==== THE RECORDS ====
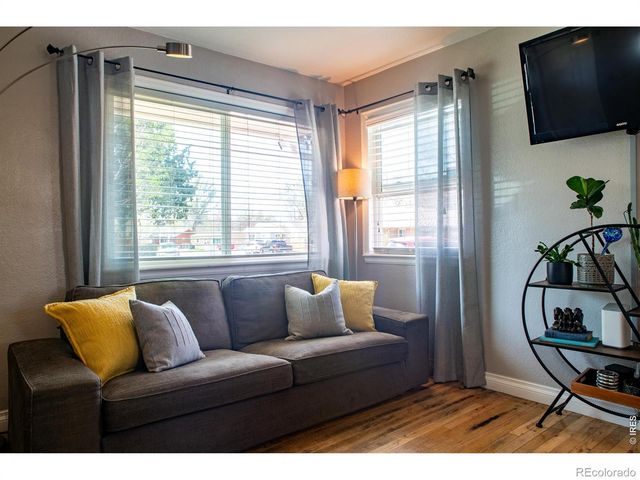 128 E 5th Avenue, Longmont, CO 80504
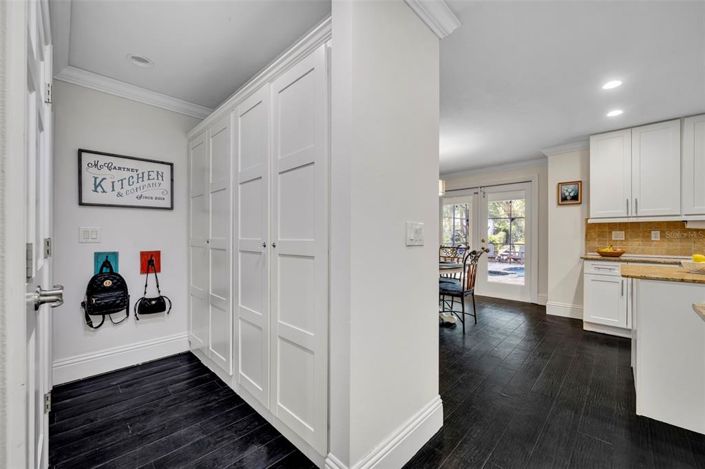 Image No.33-5 Bed House for sale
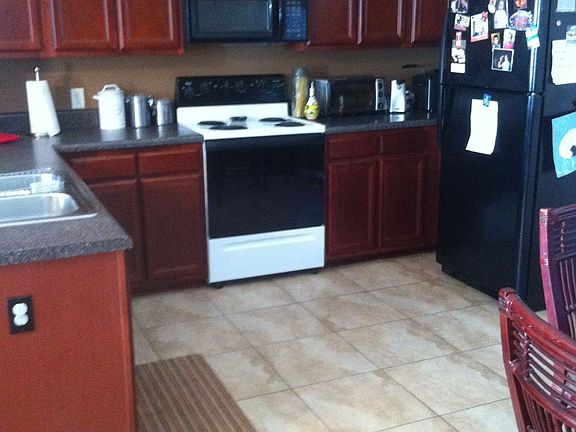 Spacious kitchen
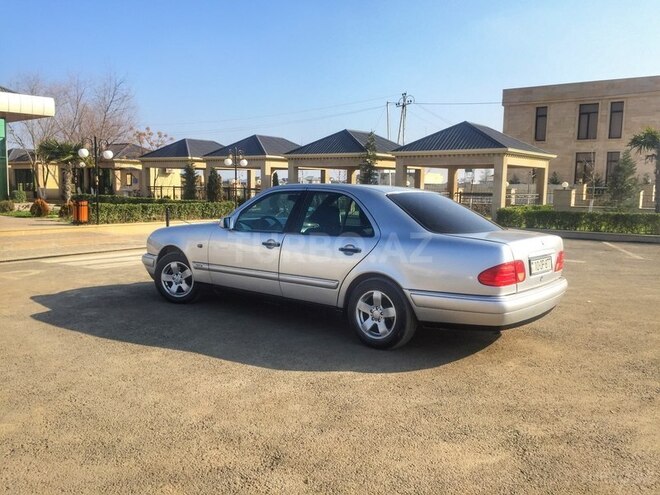 Mercedes E 230 1995, 450,000 km - 2.3 l - Cəlilabad
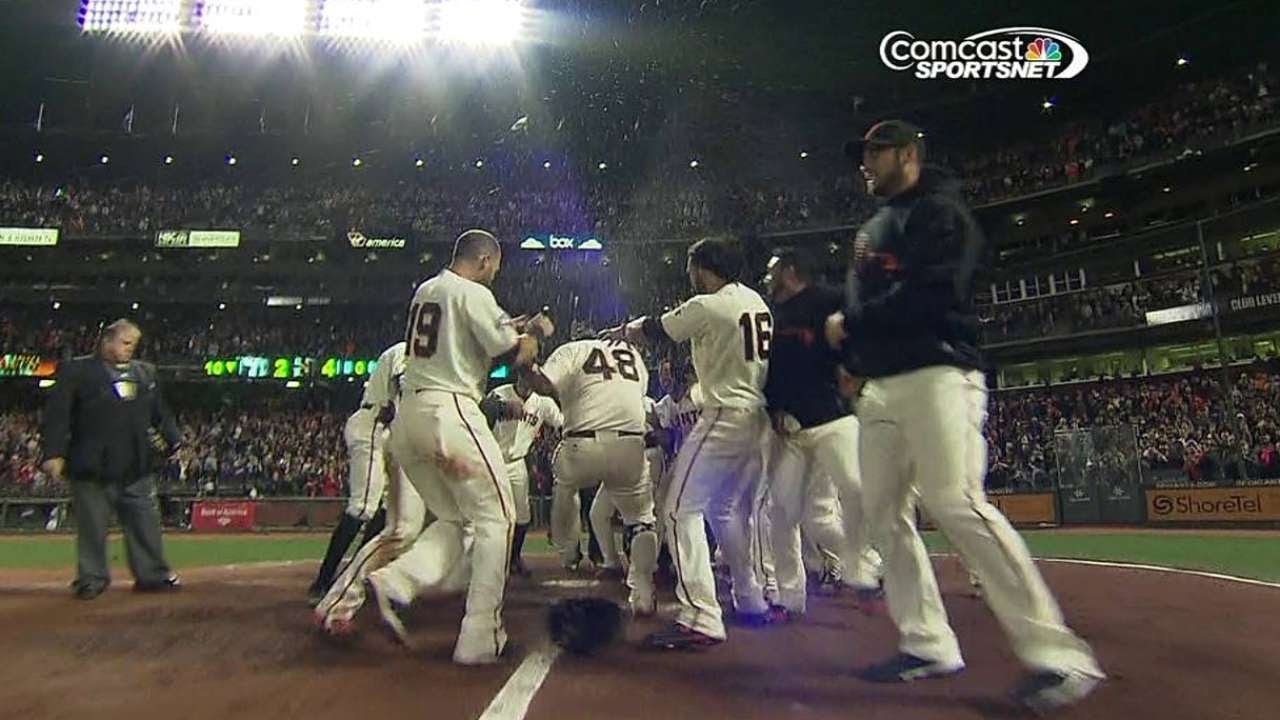 Giants win it on Sandoval's walk-off home run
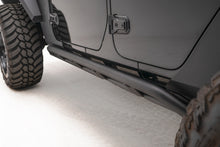 Load image into Gallery viewer, Fab Fours JL18-G1750-1 Rock Slider for Select Jeep Wrangler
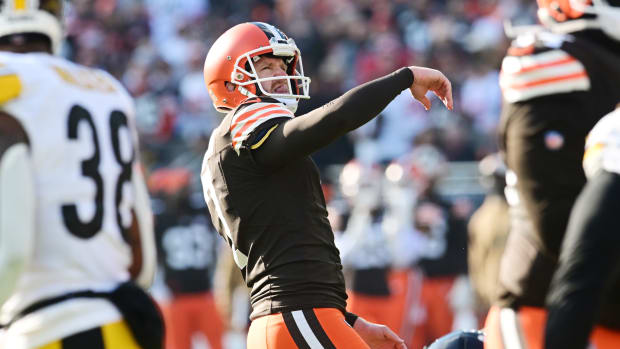 Nov 19, 2023; Cleveland, Ohio, USA; Cleveland Browns place kicker Dustin Hopkins (7) kicks a field goal during the first half against the Pittsburgh Steelers at Cleveland Browns Stadium. Mandatory Credit: Ken Blaze-USA TODAY Sports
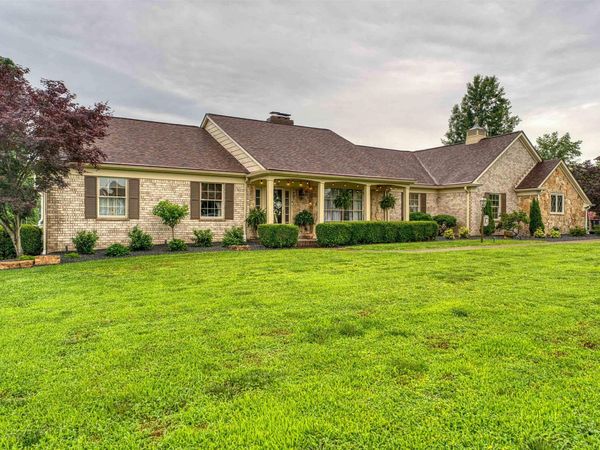 2000 Greenbrier Drive, Mount Vernon, IN 47620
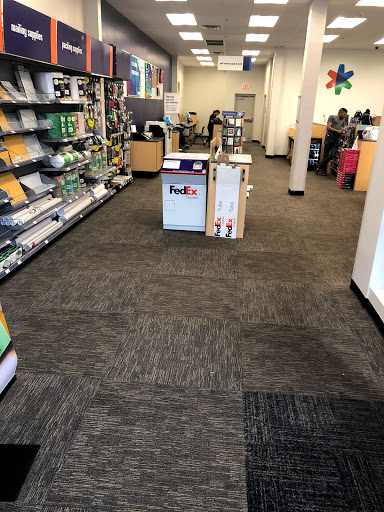 Print Shop «FedEx Office Print & Ship Center», reviews and photos, 1078 W Main St, Branford, CT 06405, USA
====
PROBLEM: What you give back must match the entries exactly, apart from the omitted pictures.

ANSWER SECTION:
 128 E 5th Avenue, Longmont, CO 80504
 Image No.33-5 Bed House for sale
 Spacious kitchen
 Mercedes E 230 1995, 450,000 km - 2.3 l - Cəlilabad
 Giants win it on Sandoval's walk-off home run
 Load image into Gallery viewer, Fab Fours JL18-G1750-1 Rock Slider for Select Jeep Wrangler
 Nov 19, 2023; Cleveland, Ohio, USA; Cleveland Browns place kicker Dustin Hopkins (7) kicks a field goal during the first half against the Pittsburgh Steelers at Cleveland Browns Stadium. Mandatory Credit: Ken Blaze-USA TODAY Sports
 2000 Greenbrier Drive, Mount Vernon, IN 47620
 Print Shop «FedEx Office Print & Ship Center», reviews and photos, 1078 W Main St, Branford, CT 06405, USA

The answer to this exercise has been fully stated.